На самом деле, определение Китая, данное Кастро, отражало его собственную концепцию государственной политики, как сохранение политического руководства свободным в управлении правительственными делами, без чрезмерного контроля снизу, и которое, таким образом, могло изменить курс, фактически, по желанию. Структуры общественного участия, установленные в 1976 году, не сдвинули власть от руководства к народу, но создали каналы, через которые общественные требования могли, подняться до верхов, а директивы сверху могли опуститься к народу.
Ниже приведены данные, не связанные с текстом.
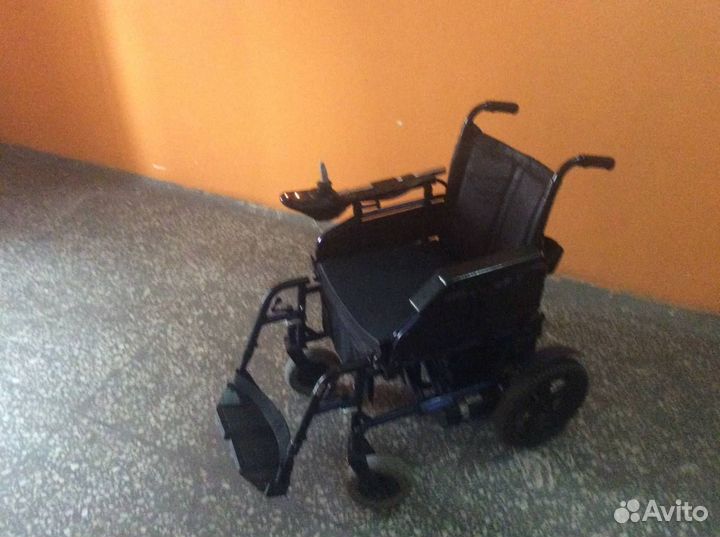 Коляска инвалидная с электроприводом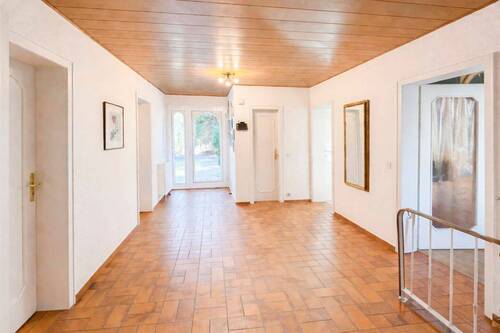 Offen gestalteter Eingangsbereich - Einfamilienhaus mit 141,00 m&sup2; in Langenfeld zum Kaufen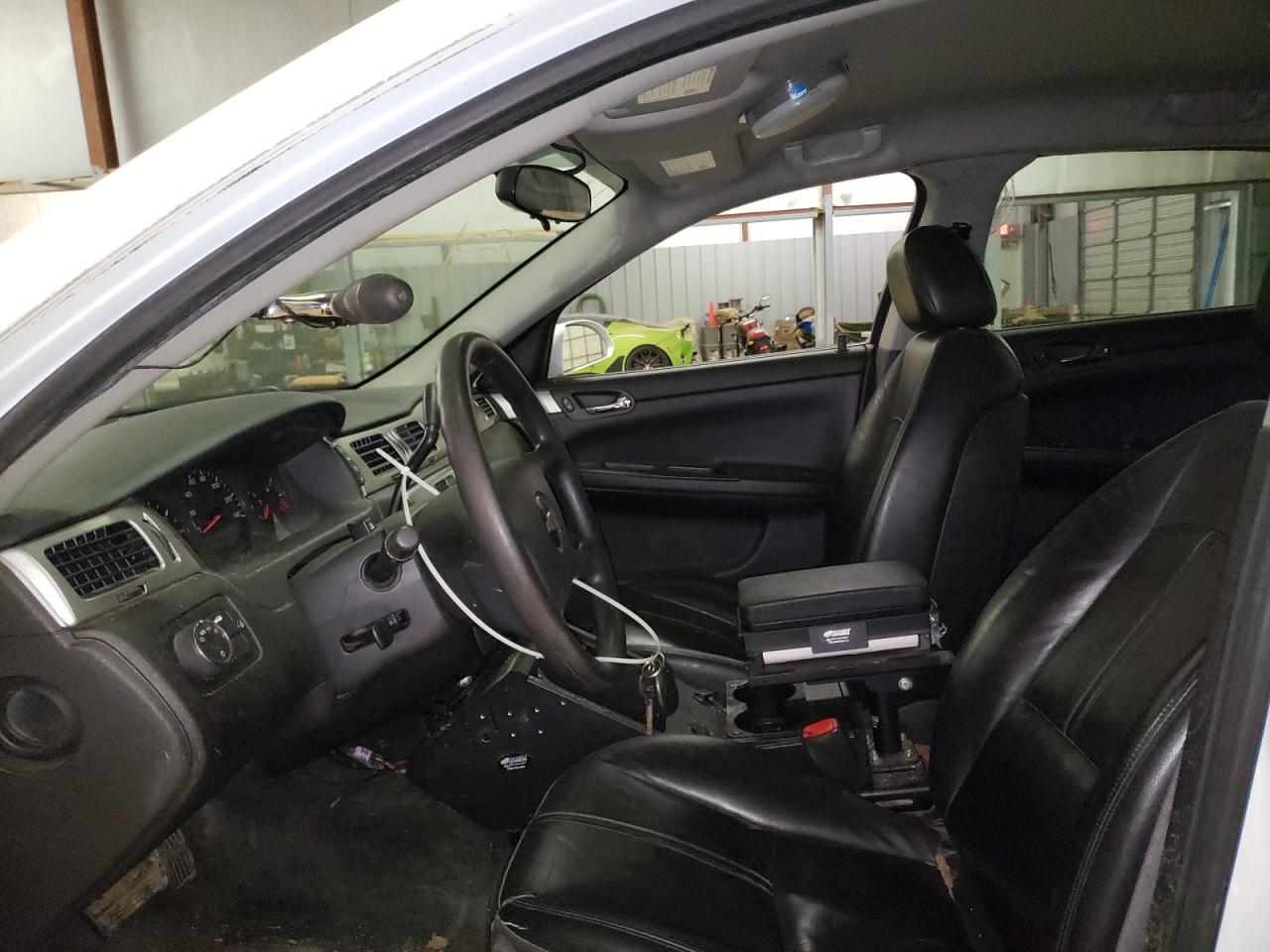 Photo 5 from auction – 2011 CHEVROLET IMPALA POL with VIN 2G1WD5EM0B1213506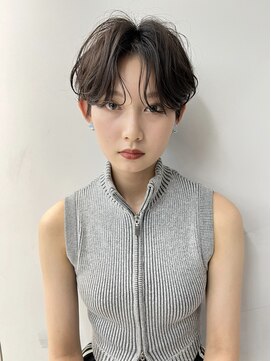 ヴェイン 渋谷(vain) ハンサムショート 黒髪 パーマ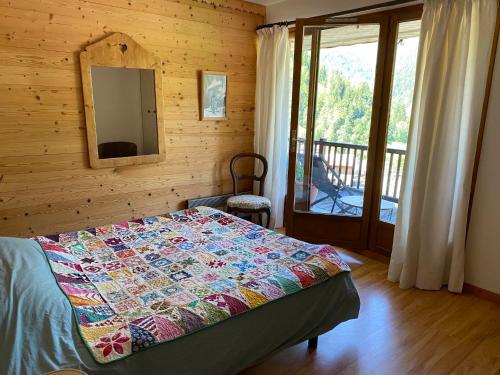 une chambre avec un lit avec une couette dessus dans l'établissement Appartement spacieux et confortable, 11 personnes, 4 chambres, 1 garage - ROCHE02, à Beaufort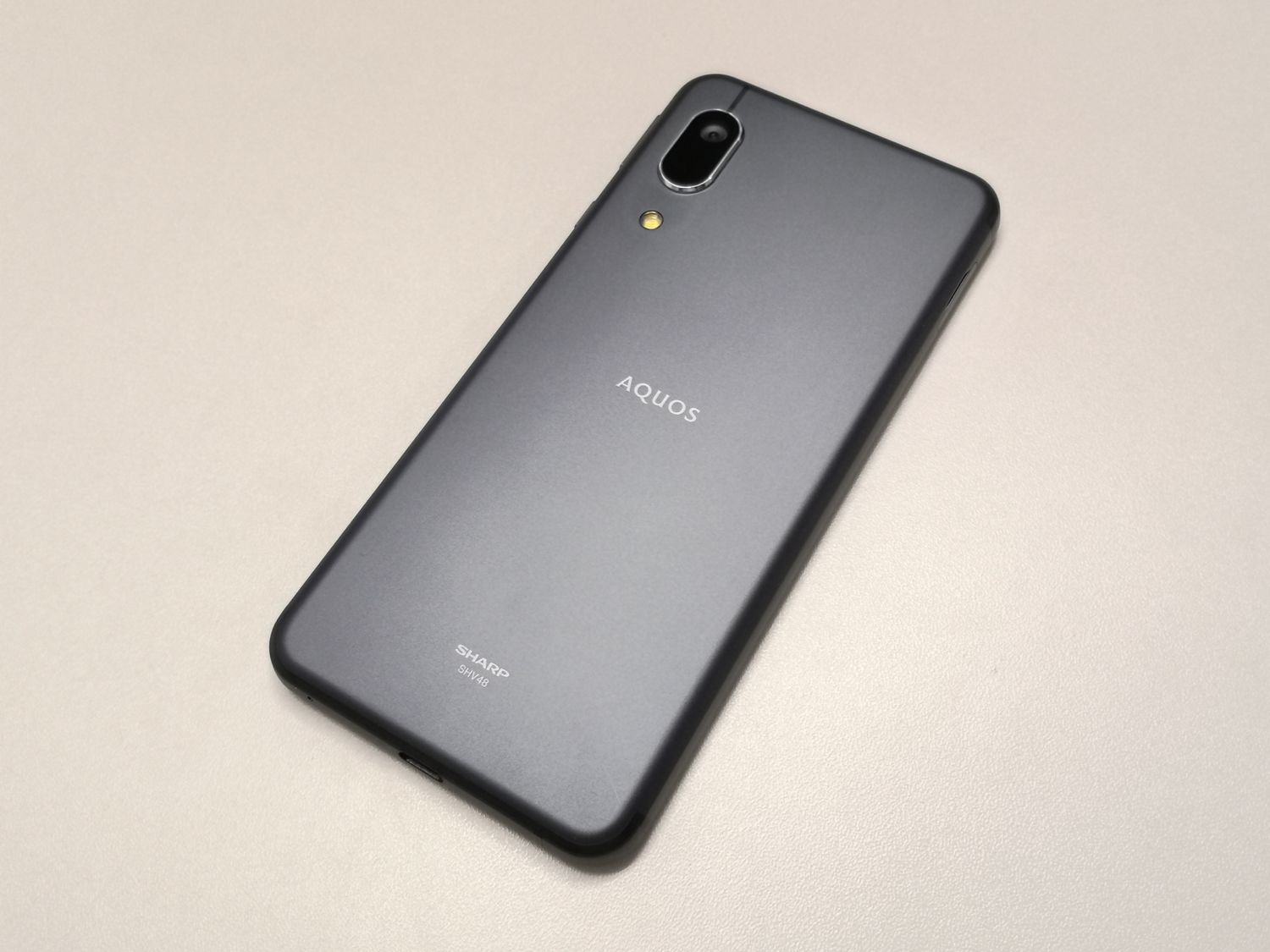 ムスビー｜☆赤ロム保証☆au AQUOS sense3 basic SHV48 ブラック SIM 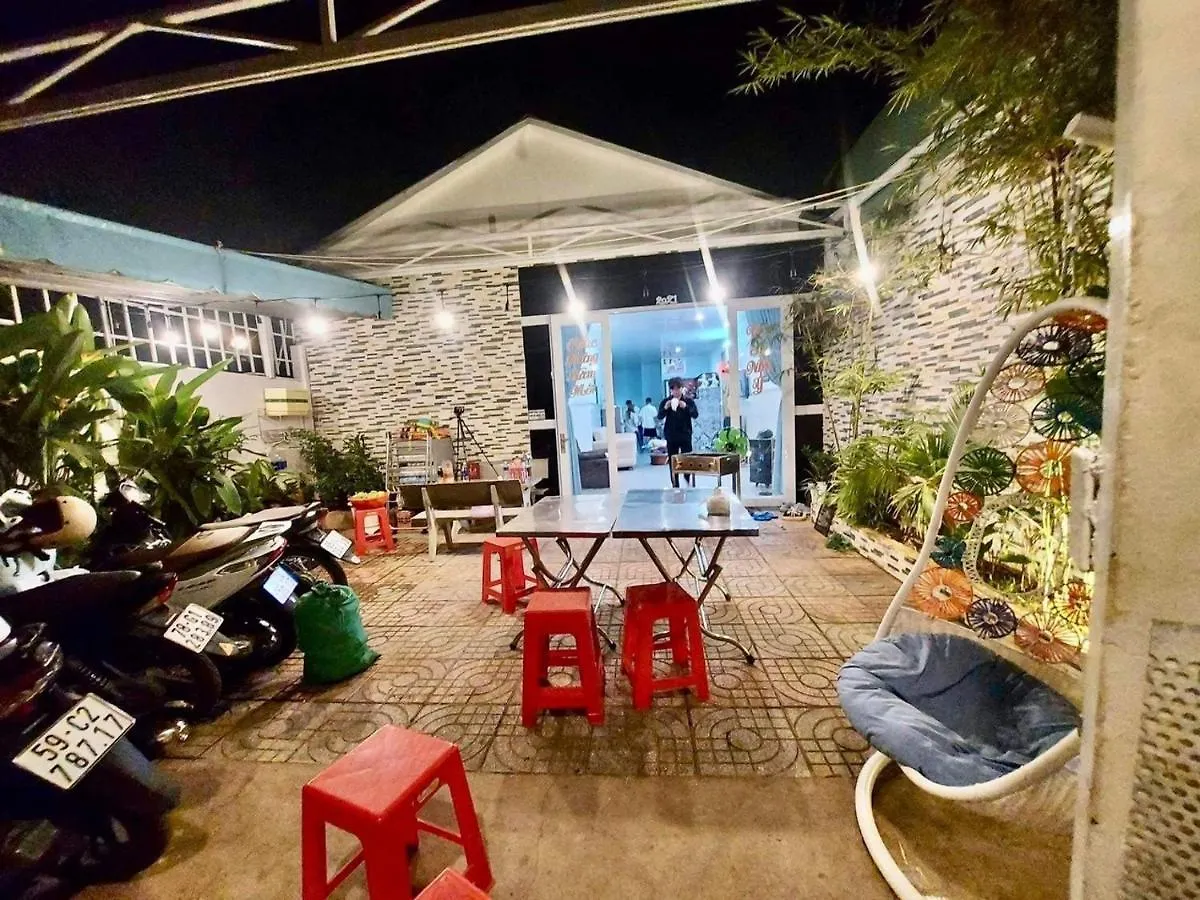 Zoo Homestay Luxury Apartment 头顿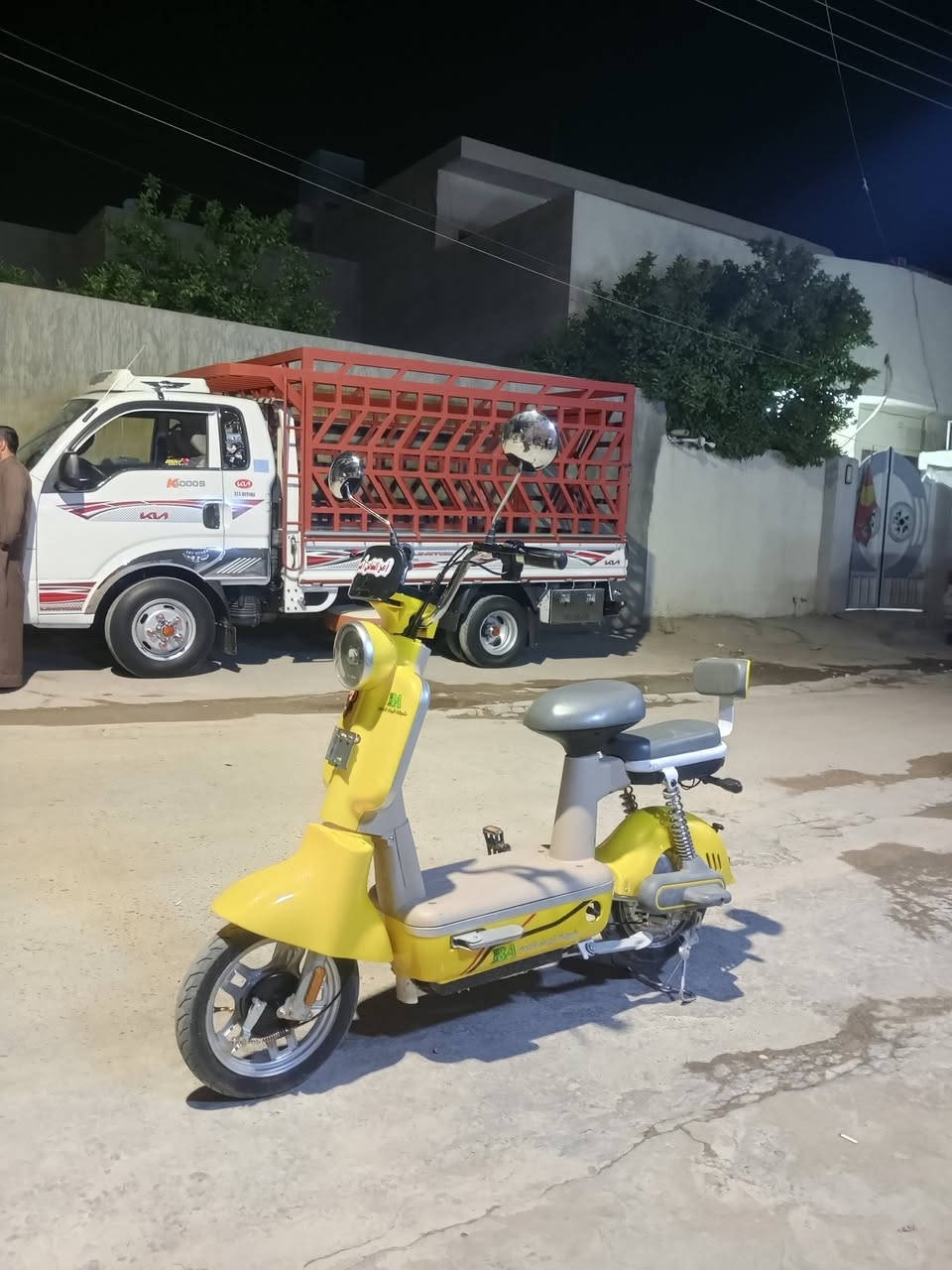 سلام عليكم دراجه شحن للبيع
سعر 400 وبيها مجال 
***********
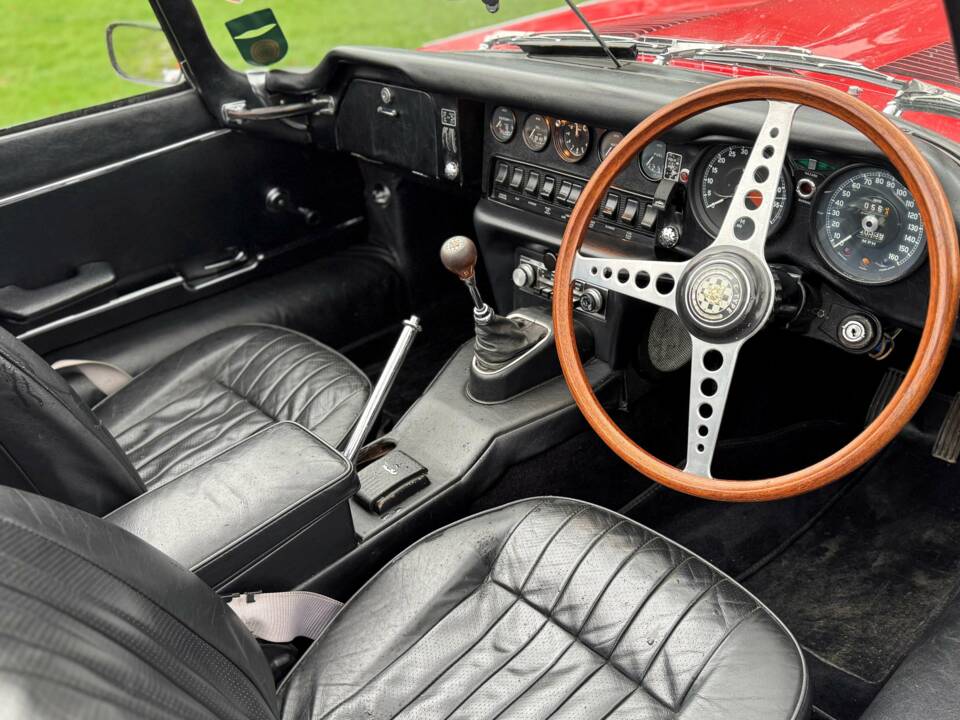 Immagine 4/9 di Jaguar E-Type (1969)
Власть до сих пор практически оставалась в руках небольшой группы лидеров, хотя ей приходилось откликаться на интересы различных элит.
Политические масштабы авторитаризма Кастро берут качало из трех источников: формирующий опыт заключения на острове Песнес, партизанской борьбы, в которой военная иерархия и повиновение являлись необходимым условием для выживания; вера элиты, что только лояльным и проверенным в борьбе руководителям можно доверить проведение Революции в верном направлении; и убеждение, что в условиях блокады и нехватки не было места для плюрализма в стиле западной демократии. Вторжение в залив Свиней разожгло давние опасения влияния США в душах кубинских лидеров так сильно, что антиамериканизм стал почти смыслом существования Революции, тогда как «свержение коммунизма» в Центральной Америке и на Карибах стало наваждением Вашингтона.
Чтобы понять соблазн авторитаризма на Кубе, необходимо принять во внимание весь объем наступления Америки на Кубу. Согласно отчетам сената США, вторая по величине база ЦРУ находилась во Флориде. Отделенная от Кубы лишь водным пространством, она разрослась до 120 000 кубинских агентов, занимающихся экономическим саботажем, убийствами и терроризмом, контролированием воздушных линий, и флотилии шпионских судов, действующих у берегов Кубы [251]. Около 500 часов пропаганды против Кастро каждую неделю транслировалось по радиостанциям Флориды. Последующие правительства США, в частности администрация Рейгана, мобилизовывали свои самые мощные ресурсы, чтобы поставить Кубу на колени.